TASK PROMPT »
Below are records with pictures. Reproduce exactly the lines from the line with "this 1270×952 image." to the line with "this 840×500 image.", inclusive, and leave each picture out.

EXERCISE INPUT »
-- Opening Marker --

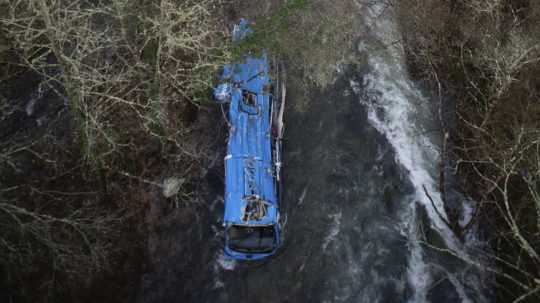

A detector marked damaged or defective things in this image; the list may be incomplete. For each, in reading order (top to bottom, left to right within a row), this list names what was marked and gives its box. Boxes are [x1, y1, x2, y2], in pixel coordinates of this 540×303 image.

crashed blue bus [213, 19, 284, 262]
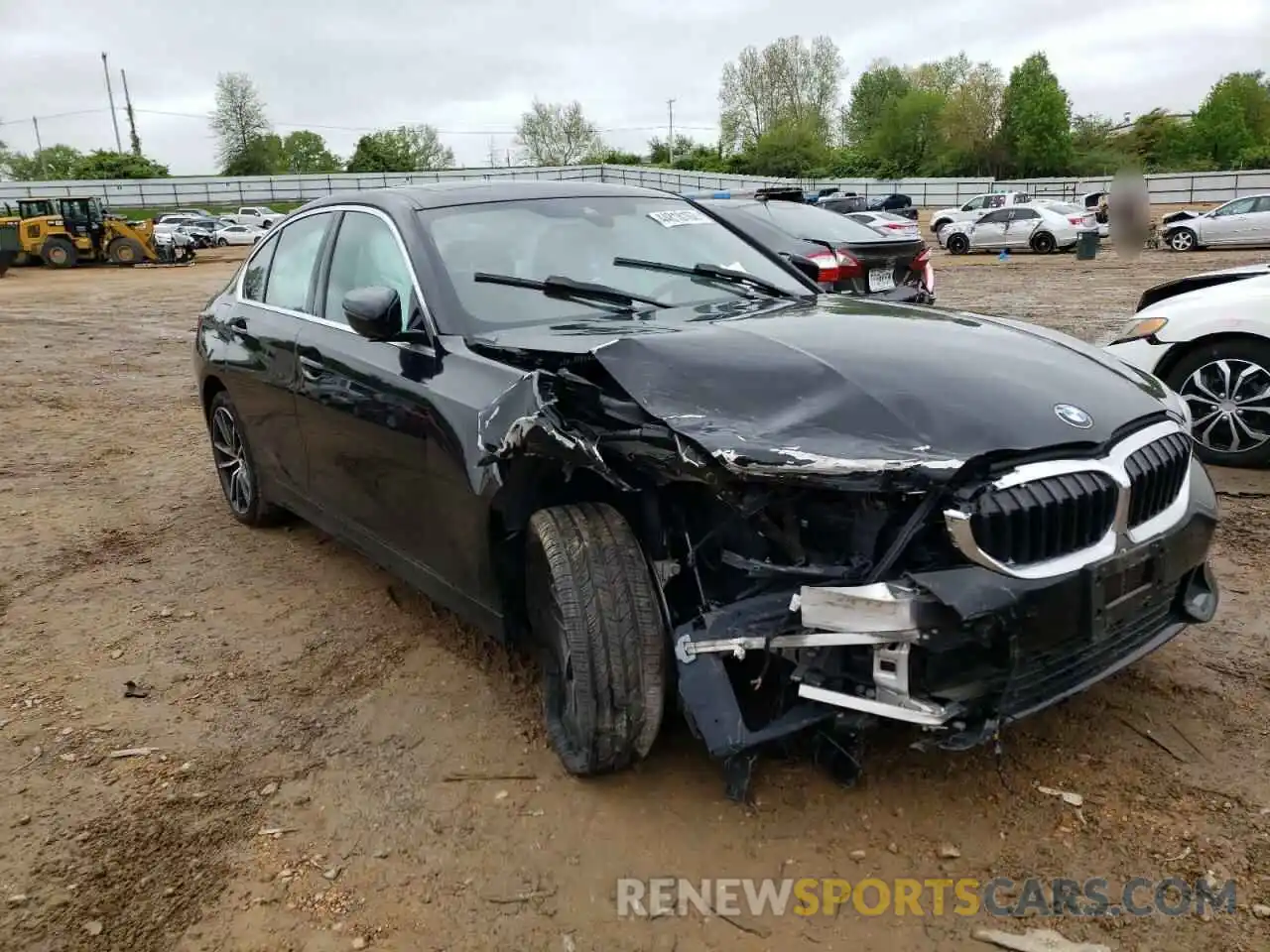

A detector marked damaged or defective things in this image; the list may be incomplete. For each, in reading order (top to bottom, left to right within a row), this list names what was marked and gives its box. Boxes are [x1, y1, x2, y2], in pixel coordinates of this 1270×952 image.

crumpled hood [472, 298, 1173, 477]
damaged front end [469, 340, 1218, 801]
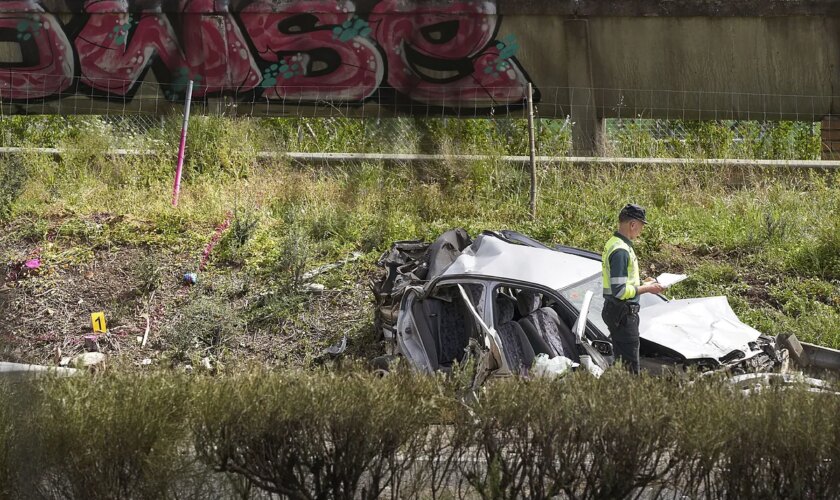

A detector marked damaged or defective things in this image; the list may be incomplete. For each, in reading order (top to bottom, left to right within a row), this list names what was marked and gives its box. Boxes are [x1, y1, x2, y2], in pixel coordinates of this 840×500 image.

-- Closing Marker --
-- Opening Marker --

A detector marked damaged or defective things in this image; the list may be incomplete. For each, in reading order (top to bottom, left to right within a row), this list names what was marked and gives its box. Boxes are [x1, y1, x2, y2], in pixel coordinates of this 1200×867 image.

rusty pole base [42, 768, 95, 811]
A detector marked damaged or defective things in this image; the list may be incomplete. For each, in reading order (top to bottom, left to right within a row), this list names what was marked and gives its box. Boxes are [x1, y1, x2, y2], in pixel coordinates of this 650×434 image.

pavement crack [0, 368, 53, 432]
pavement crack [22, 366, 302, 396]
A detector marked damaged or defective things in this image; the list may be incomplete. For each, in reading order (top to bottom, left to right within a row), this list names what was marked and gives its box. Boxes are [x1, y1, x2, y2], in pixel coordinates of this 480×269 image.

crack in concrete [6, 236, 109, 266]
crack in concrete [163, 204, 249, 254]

-- Closing Marker --

RESPONSE BELOW »
A detector marked damaged or defective things in this image; the list may be incomplete. For each, in reading order (top to bottom, left to right within a row), this list names what was marked and gives its box. Boxes are [x1, y1, x2, y2], in pixel coordinates of this 1270×952 image.

crumpled hood [472, 298, 1173, 477]
damaged front end [469, 340, 1218, 801]

A detector marked damaged or defective things in this image; the list may be incomplete. For each, in reading order (top to bottom, left to right within a row), this list names what was marked and gives its box. Boxes are [x1, y1, x2, y2], in pixel coordinates of this 840×500 image.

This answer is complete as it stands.